Monday, August 07, 2006

The Battle of Cuito Cuanavale.

In a column at Slate discussing Cuba's (temporary?) change in leadership, Christopher Hitchens mentions Gen. Arnaldo Ochoa Sánchez, arrested 17 years ago in Cuba. Hitchens adds that Sánchez was arrested despite that fact that he had been
prominent in the military defeat of South African forces at the Battle of Cuito Cuanavale in 1987, which contributed handily to the independence of Namibia and the ultimate defeat of apartheid itself.
That's a battle I've never heard of, so I clicked through to Wikipedia. The battle was fought between Cuban and South African forces, both supported by rival Angolan forces (in South Africa's case, Jonas Savimbi-led UNITA). Cuito Cuanavale appears to be an airstrip in southeastern Angolan which the Cuban forces were using as a base for an advance on UNITA-controlled cities. South Africa blocked this offensive, and then counter-attacked towards Cuito Cuanavale.
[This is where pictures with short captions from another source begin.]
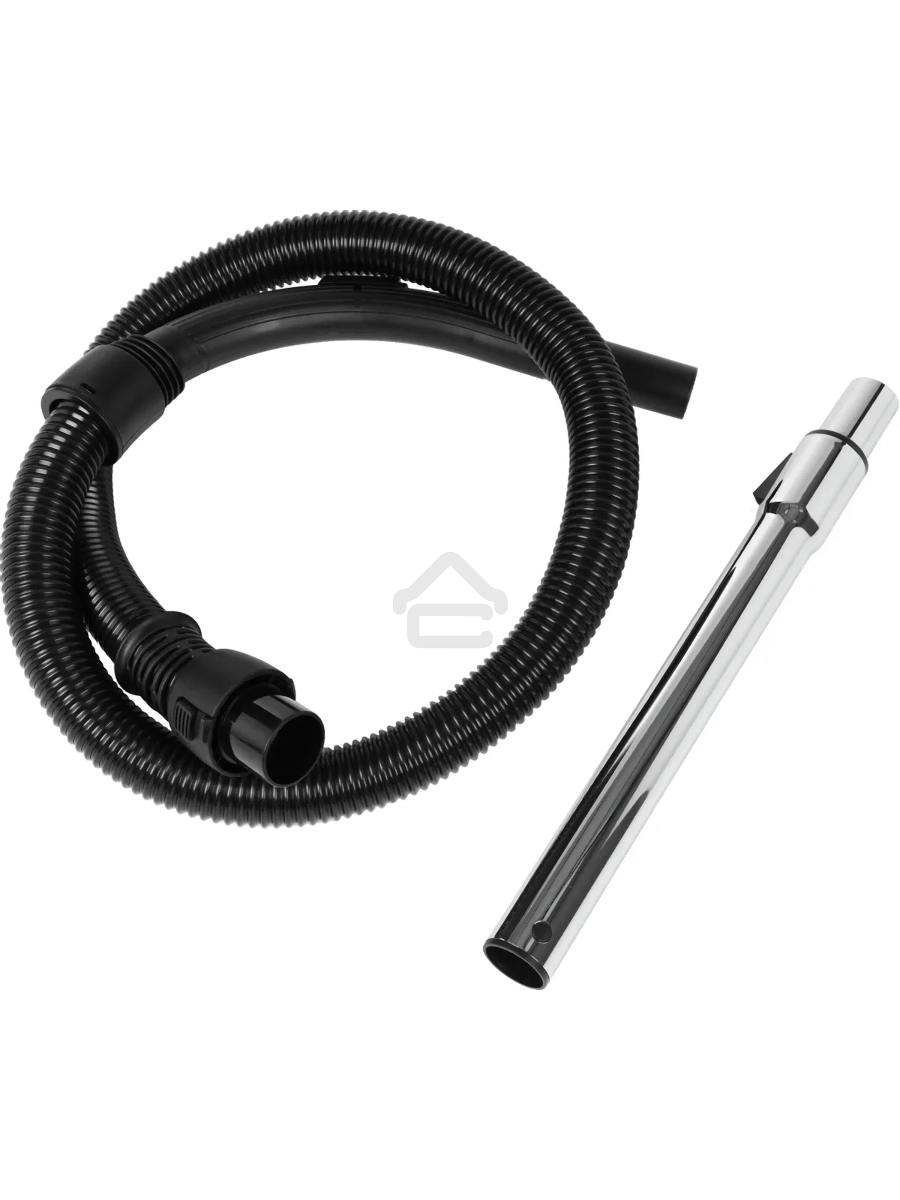 Пылесос Centek CT-2511 черный/желтый, 400/2000 Вт, уборка сухая, пылесборник мешок 2 л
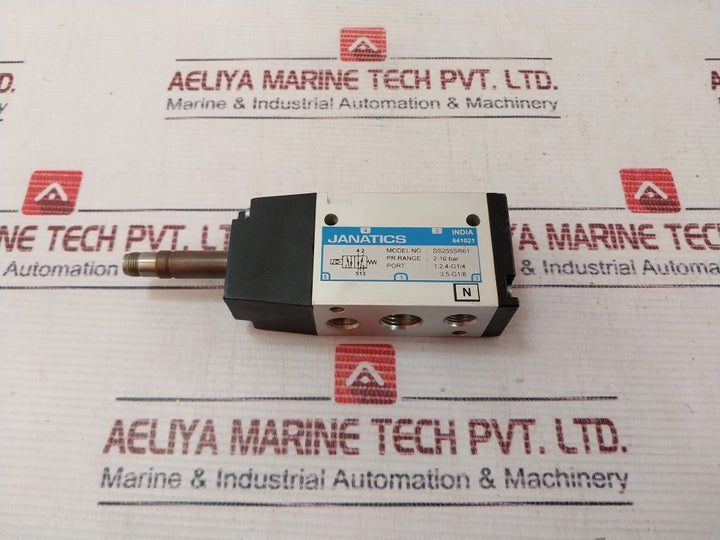Janatics Ds255Sr61 Solenoid Valve 2-10 Bar 3,5-g1/8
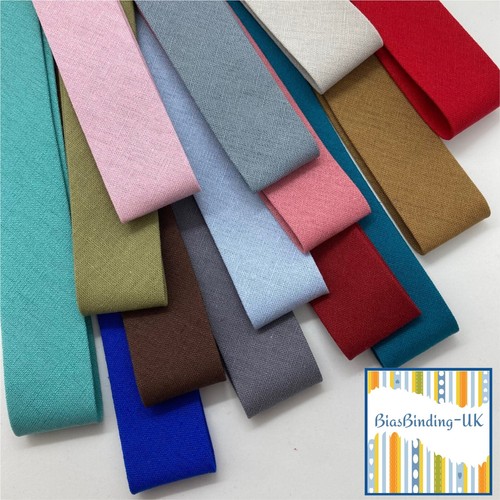 Handmade linen cotton bias - handmade,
Curiously, the Wikipedia entry contradicts Hitchens' suggestion that the battle was a "military defeat" for South Africa:
[T]he battle has been called "Africa's largest land battle since World War II"[1]. It has been widely used as a subject of propaganda with all sides claiming victory, and it is still a controversial subject among scholars.

* * * * *

The South African or UNITA forces never captured the city of Cuito Cuanavale and maintained this was never their objective to capture or occupy the city. Many observers agree that they succeeded in their original goal as they clearly halted the original advance of FAPLA forces from Cuito Cuanavale and also inflicted heavy casualties and it would not have made political or military sense for them to occupy a city deep in Angola far from their own controlled territory. The Cuban and FAPLA forces, however, take the failure of the South Africans to capture the city as a victory.
So why does Hitchens adopt Cuba's propaganda about this battle, when the source he cites suggests otherwise? If Cuito Cuanavale was a loss for Cuba, it tends to explain Sánchez's fall from grace.